Reproduce exactly the line with "Second view of" and the lines after it. Stop at the last line of the data and include nothing else.

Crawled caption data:
----------------

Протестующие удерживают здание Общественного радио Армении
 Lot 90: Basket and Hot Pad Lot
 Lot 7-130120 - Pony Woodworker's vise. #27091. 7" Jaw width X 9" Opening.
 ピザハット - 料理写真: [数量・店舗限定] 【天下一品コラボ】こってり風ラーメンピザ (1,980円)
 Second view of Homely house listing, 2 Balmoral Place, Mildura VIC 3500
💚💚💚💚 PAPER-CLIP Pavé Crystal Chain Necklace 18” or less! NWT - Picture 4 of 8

----------------

SOLUTION TO THIS PROBLEM =
 Second view of Homely house listing, 2 Balmoral Place, Mildura VIC 3500
💚💚💚💚 PAPER-CLIP Pavé Crystal Chain Necklace 18” or less! NWT - Picture 4 of 8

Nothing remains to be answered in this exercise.